Filter this material down to the lines that contain the string "Vintage", and return those lines.
----------
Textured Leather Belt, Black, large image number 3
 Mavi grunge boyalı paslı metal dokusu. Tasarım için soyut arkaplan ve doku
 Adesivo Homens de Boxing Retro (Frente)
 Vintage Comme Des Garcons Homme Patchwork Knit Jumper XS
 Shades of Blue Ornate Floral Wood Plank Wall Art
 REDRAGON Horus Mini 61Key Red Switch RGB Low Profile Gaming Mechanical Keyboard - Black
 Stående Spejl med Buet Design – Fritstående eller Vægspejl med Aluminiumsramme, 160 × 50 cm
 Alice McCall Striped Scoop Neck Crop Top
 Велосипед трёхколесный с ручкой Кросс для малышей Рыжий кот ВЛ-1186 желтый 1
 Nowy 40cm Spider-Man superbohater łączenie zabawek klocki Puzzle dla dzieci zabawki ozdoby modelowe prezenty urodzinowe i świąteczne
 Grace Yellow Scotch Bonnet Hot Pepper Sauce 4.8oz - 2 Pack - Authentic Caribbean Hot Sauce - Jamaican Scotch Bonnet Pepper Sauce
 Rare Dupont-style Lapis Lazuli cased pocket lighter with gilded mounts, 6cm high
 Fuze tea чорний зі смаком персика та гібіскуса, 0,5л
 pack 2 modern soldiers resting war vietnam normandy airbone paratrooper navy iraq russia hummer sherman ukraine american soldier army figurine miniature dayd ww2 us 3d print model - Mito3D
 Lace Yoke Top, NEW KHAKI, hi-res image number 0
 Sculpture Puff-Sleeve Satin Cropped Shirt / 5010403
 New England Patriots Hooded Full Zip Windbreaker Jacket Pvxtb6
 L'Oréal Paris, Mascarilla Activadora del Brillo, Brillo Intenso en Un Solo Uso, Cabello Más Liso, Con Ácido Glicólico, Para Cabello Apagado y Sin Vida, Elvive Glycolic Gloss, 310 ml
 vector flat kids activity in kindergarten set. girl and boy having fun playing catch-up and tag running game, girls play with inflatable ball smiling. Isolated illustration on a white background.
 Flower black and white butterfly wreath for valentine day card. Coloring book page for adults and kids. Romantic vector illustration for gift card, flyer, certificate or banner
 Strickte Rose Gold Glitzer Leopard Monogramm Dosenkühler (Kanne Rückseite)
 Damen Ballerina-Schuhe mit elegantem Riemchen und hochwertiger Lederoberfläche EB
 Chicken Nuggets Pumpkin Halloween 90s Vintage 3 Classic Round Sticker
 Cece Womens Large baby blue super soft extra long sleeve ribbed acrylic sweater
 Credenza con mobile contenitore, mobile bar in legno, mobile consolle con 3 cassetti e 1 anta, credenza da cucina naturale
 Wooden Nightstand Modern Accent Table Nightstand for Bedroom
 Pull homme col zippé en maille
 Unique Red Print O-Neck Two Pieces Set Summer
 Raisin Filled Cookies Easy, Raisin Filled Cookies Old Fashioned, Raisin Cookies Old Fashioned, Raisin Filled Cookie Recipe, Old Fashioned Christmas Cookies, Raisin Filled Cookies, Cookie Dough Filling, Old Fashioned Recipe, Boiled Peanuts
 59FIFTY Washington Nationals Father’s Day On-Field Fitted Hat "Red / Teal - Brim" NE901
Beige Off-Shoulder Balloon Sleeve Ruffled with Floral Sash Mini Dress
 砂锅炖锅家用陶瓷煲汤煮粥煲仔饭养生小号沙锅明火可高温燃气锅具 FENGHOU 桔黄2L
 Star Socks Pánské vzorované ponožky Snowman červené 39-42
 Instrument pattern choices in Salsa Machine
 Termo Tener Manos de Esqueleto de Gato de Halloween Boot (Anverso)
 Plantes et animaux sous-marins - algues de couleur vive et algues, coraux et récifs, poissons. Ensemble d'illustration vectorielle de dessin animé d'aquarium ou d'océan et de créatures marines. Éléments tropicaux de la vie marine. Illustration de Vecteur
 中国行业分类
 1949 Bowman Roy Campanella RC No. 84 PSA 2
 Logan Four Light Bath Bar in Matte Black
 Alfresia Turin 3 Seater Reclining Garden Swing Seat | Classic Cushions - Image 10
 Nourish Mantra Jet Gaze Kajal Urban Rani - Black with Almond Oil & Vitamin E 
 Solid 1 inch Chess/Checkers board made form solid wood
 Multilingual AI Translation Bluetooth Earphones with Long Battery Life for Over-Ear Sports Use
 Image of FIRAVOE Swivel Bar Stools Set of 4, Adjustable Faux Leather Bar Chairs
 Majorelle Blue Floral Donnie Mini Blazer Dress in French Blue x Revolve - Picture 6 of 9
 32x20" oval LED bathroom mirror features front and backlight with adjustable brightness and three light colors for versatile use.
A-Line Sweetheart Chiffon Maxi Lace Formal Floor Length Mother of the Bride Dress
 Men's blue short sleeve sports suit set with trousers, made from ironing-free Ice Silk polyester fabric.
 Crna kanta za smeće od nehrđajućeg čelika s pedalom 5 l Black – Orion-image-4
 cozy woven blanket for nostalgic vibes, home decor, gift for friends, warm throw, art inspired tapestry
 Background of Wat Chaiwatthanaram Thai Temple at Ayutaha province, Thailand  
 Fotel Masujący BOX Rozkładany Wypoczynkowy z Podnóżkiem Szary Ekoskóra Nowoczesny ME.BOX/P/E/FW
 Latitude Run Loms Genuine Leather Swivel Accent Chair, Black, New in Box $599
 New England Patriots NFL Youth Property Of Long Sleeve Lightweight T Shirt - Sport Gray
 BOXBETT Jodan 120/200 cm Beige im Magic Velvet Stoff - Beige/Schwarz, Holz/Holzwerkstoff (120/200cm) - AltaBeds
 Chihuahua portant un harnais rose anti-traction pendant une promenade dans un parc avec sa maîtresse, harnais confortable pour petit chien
----------
EXPECTED ANSWER →
 Vintage Comme Des Garcons Homme Patchwork Knit Jumper XS
 Chicken Nuggets Pumpkin Halloween 90s Vintage 3 Classic Round Sticker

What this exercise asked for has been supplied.